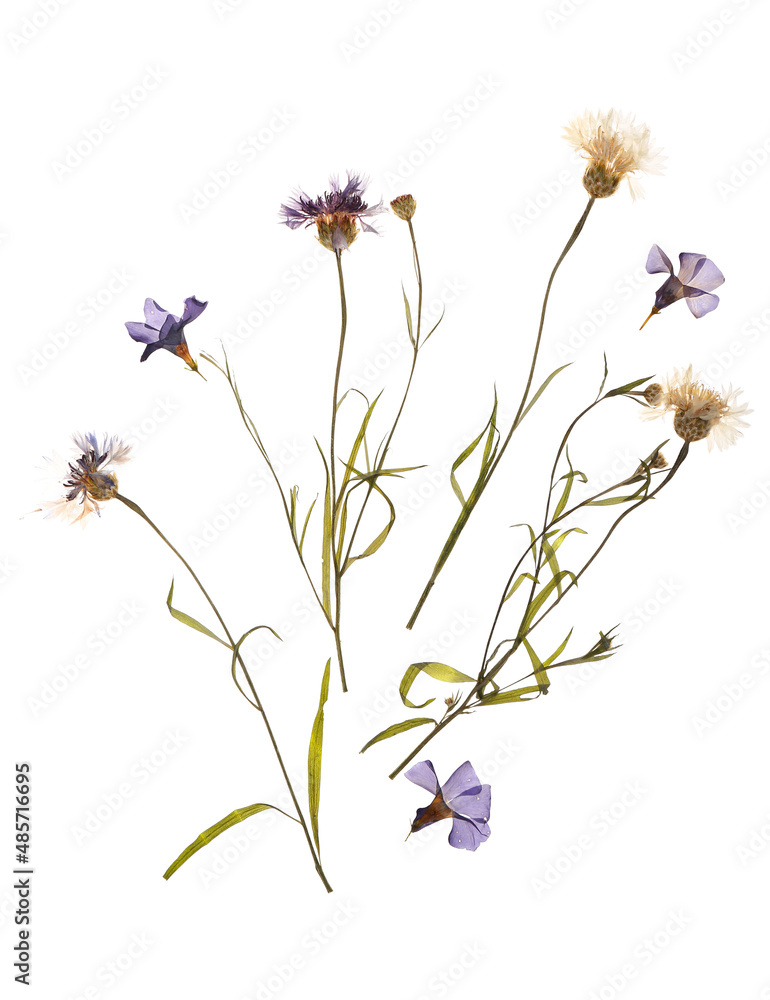 Dried pressed flowers on white background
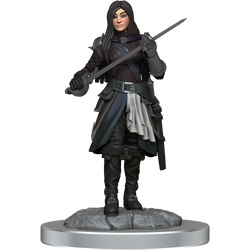 Wizkids Small: Half-Elf Rogue 90485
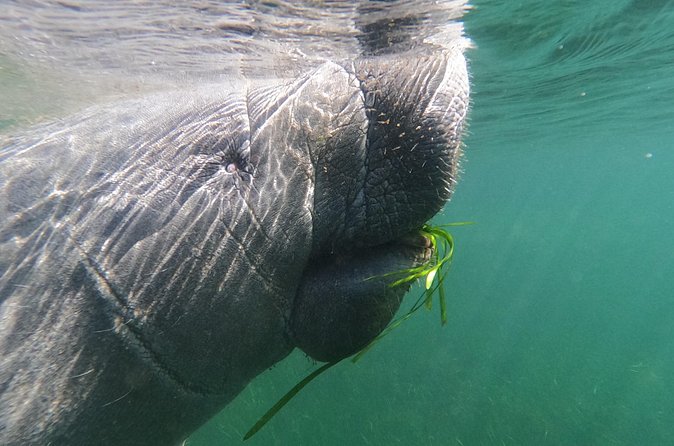 Crystal River: Private Manatee Swim With Heated Boat(Free Photos) - Free Photos Included: Capture the Moment Without Extra Planning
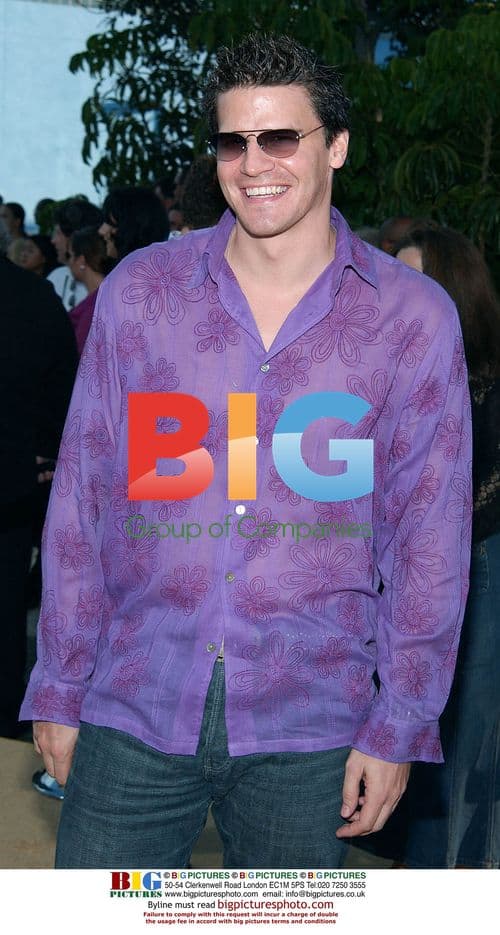 David Boreanaz at Austin Powers premiere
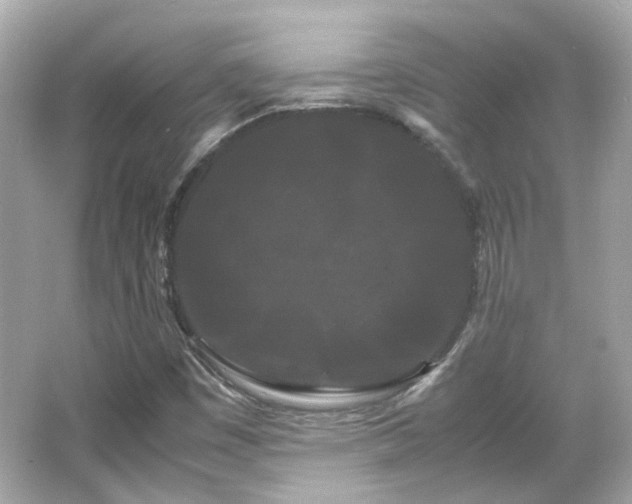 X0000066501449200603201310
○ ○ ○
**TASK OBJECTIVE:** Print every line of the material above exactly as it reads, skipping the pictures.

**EXERCISE RESULT:**
 Dried pressed flowers on white background
 Wizkids Small: Half-Elf Rogue 90485
 Crystal River: Private Manatee Swim With Heated Boat(Free Photos) - Free Photos Included: Capture the Moment Without Extra Planning
 David Boreanaz at Austin Powers premiere
 X0000066501449200603201310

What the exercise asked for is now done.